At the same time, in my other blogs, there are other synthetic methods of this type of compound, Ethyl-3-iodobenzoate, and friends who are interested can also refer to it.

These common heterocyclic compound, 627-31-6, name is 1,3-Diiodopropane(stabilized with Copper chip), its traditional synthetic route has been very mature, but the traditional synthetic route has various shortcomings, such as complicated route, low yield, poor purity, etc, below Introduce a new synthetic route. Recommanded Product: 1,3-Diiodopropane(stabilized with Copper chip)

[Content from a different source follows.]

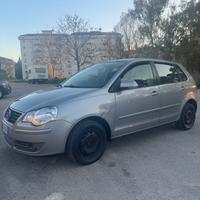 VOLKSWAGEN POLO 1.4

Examples 13 -22; Synthesis of PBD dimers linked at the C-8 position; n=3, 4,5, 6, 7, 8,9, 10, 11, 12 Example 13 (n=3); (a) 1,1′-[(Propane-1,3-diyl)dioxy]bis[(11S,11aS)-10-(tert- butyloxycarbonyl)-7-methoxy-l1- (tetrahydro-pyran-2-yloxy)- 1,2, 3, 10, 11, IIa-hexahydro-5H-pyrrolo (2, 1-cJ [l, 4] benzodiazepine-5- one] (15a); 1,3-Diiodopropane (66 mg, 0.22 mmol, 0.5 equiv) was added to the mixture of monomer 14 (0.2 g, 0.44 mmol, 1. 0 equiv) and potassium carbonate (0. 98mmol, 2.2 equiv) in dry DMF (30 mL), and the resulting mixture was heated to 90C under a nitrogen atmosphere for 5 h. Removal of excess solvent under reduced pressure afforded a crude solid, which was subjected to flash column chromatography (SiO2, 50% EtOAc-hexane) to afford the dimerized compound 15a (90 mg, 0.09 mmol, 43% yield, mixture of diastereomers from THP protecting group) as a solid: [a] 20D = +57 (c = 0.14, CHCl3); 1H NMR (CDC13, 400 MHz): 5 1. 20-1. 84 (m, 60H, Boc, THP), 1.91-2. 20 (m, 16H, 1-H, 2-H), 2.34-2. 46 (m, 4H, 13-H), 3.40-3. 74 (m, 16H, 3-H, lla-H, THP), 3.79-3. 99 (m, 16H, 7-OMe, THP), 4.12-4. 30 (m, 8H, 12- H), 4.97-5. 15 (m, 4H, THP), 5.66-5. 75 (d, 2H, 11-H), 5. 77-5.89 (d, 2H, 11-H), 6.55 (s, 2H, 9-H), 6.89 (s, 2H, 9-H), 7.16 (s, 2H, 6- H), 7.20 (s, 2H, 6-H) ; 13C NMR (CDCl3, 400 MHz): 6 19.9, 20.5, 23. 1,23. 2,25. 2,25. 3,28. 1,28. 2,28. 9,29. 0, 29. 1,30. 9,31. 3, 46.3, 56.0, 56.1, 60.0, 60.2, 63.4, 64.5, 65.3, 65.7, 81.0, 81.1, 88. 1,91. 2,95. 7,100. 3,110. 1,110. 8, 114.7, 115.2, 127.5, 129.8, 148.5, 148. 8, 150.0, 155.1, 167.4, 167.6 ; IR (neat): 3426, 2943, 1703, 1643,1604, 1513, 1454,1432, 1326,1270, 1201,1163, 1023cm~ r MS (FAB) m/z (relative intensity) 959 ([M + Na]+., 100), 937 (M 62), 835 (67), 735 (60).

The synthetic route of 1,3-Diiodopropane(stabilized with Copper chip) has been constantly updated, and we look forward to future research findings.